**WHAT YOU NEED TO DO**
Lines from the one containing "Tote Bag Carte" through the end of the listing are what is wanted, given again exactly with both ends included and pictures left out.

**RECORDS PROVIDED**
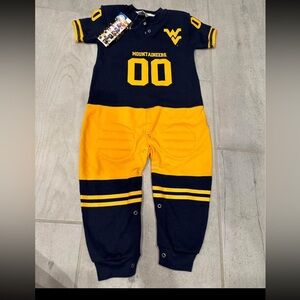 NEW West Virginia Mountaineer footie suit 3T
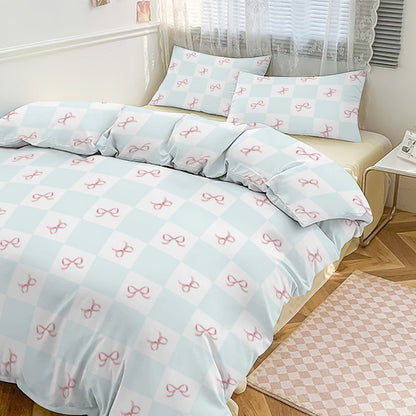 Blue Check Coquette Bows 3-Piece Bedding Set-90"x90" Full, Queen Reversible, Pink Blue Coquette Duvet Cover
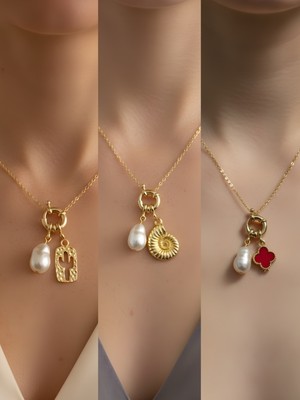 NKT Collection Deniz Kabuğu Kaktüs Siyah Yonca Incili Kolye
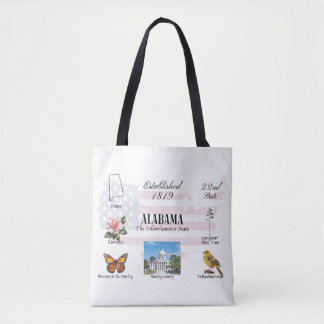 Tote Bag Carte postale Alabama | thèmes et repères d'état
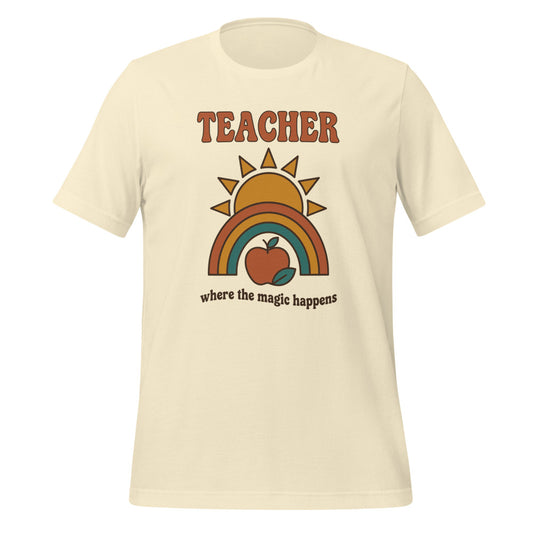 Teacher Where The Magic Happens retro groovy teacher tee — Natural, front
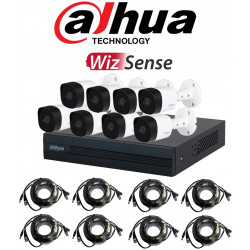 DAHUA KITXVR1B08- I+8-B2A21- Kit de 8 Canales 1080p Lite/ WizSense/ H.265+/8 Camaras B2A21 1080p Metalicas/ 8 Canales + 2 IP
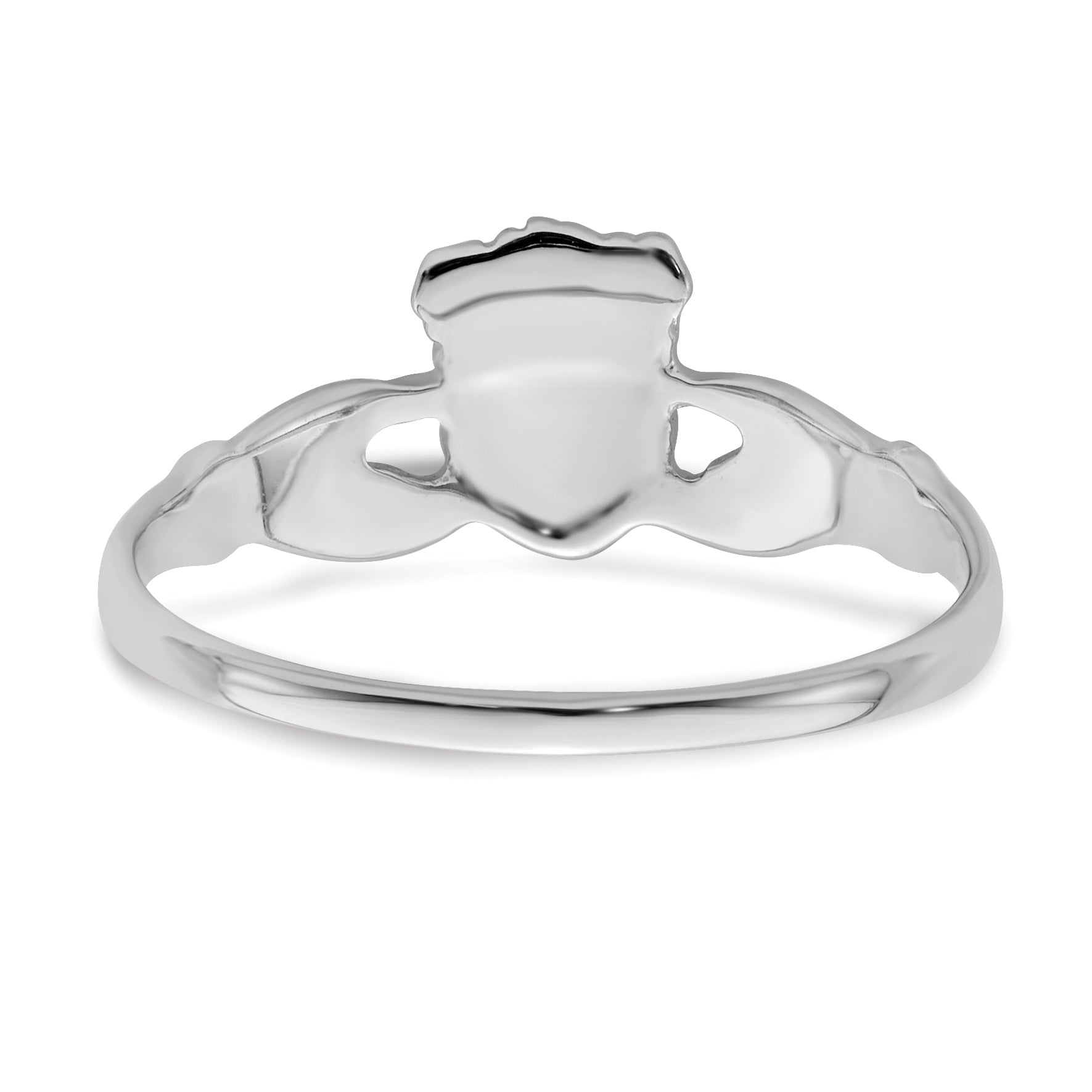 14k White Gold Ladies Claddagh Ring - 6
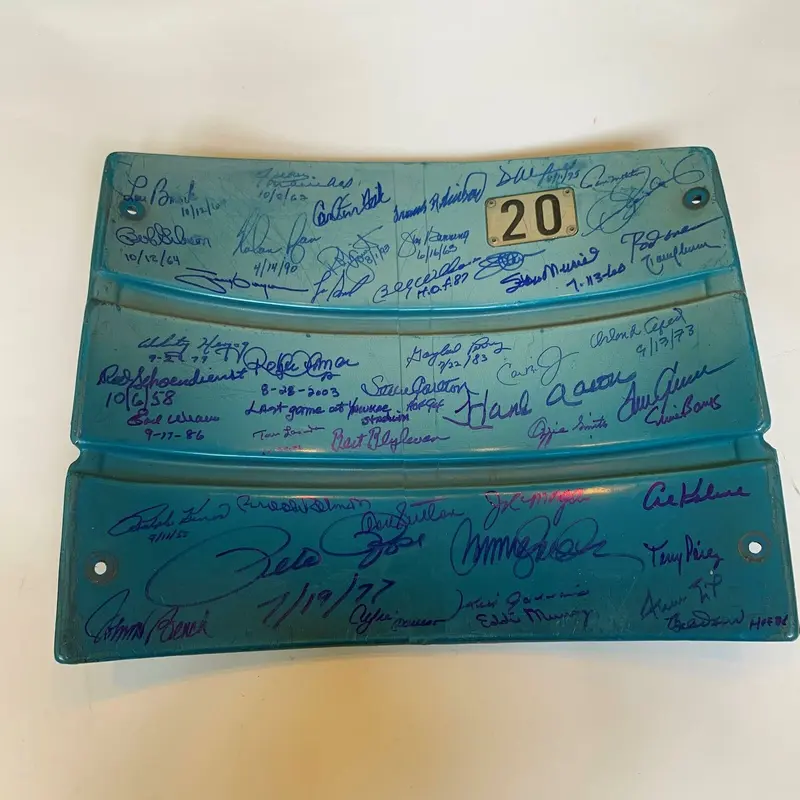 The Finest Willie Mays HOF Multi Signed Yankee Stadium Seatback 50 Sigs! Steiner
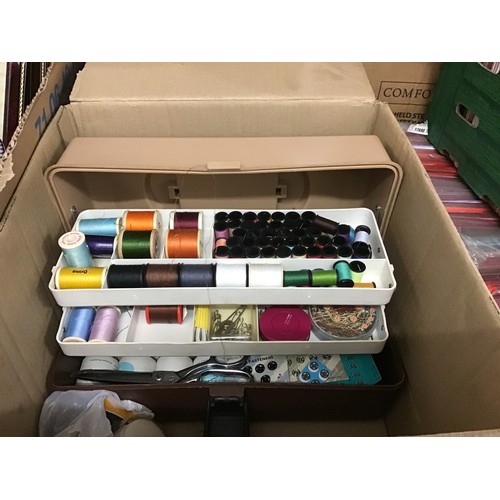 2110 - 2 Tins of buttons and box of haberdashery items and approx. 12 cross-stitch framed pictures and book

**WRITTEN SOLUTION**
 Tote Bag Carte postale Alabama | thèmes et repères d'état
 Teacher Where The Magic Happens retro groovy teacher tee — Natural, front
 DAHUA KITXVR1B08- I+8-B2A21- Kit de 8 Canales 1080p Lite/ WizSense/ H.265+/8 Camaras B2A21 1080p Metalicas/ 8 Canales + 2 IP
 14k White Gold Ladies Claddagh Ring - 6
 The Finest Willie Mays HOF Multi Signed Yankee Stadium Seatback 50 Sigs! Steiner
 2110 - 2 Tins of buttons and box of haberdashery items and approx. 12 cross-stitch framed pictures and book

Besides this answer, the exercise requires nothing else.